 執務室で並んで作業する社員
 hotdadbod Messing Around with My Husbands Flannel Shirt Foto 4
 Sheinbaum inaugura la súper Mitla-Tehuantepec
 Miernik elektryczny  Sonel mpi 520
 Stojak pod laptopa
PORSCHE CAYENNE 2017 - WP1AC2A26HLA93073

____________________

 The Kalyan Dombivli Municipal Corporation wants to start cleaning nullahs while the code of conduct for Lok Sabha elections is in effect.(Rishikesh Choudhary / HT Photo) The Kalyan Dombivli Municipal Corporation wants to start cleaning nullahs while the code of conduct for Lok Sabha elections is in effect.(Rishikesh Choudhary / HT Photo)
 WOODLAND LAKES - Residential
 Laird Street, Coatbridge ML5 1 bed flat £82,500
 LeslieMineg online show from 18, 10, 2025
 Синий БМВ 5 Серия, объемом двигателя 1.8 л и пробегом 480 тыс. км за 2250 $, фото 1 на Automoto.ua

____________________

**TASK OBJECTIVE:**
Since only part of the listing is wanted, copy exactly the lines from the one holding "Sheinbaum inaugura la" to the one holding "PORSCHE CAYENNE 2017 - WP1AC2A26HLA93073", both included.

**TASK OUTPUT:**
 Sheinbaum inaugura la súper Mitla-Tehuantepec
 Miernik elektryczny  Sonel mpi 520
 Stojak pod laptopa
PORSCHE CAYENNE 2017 - WP1AC2A26HLA93073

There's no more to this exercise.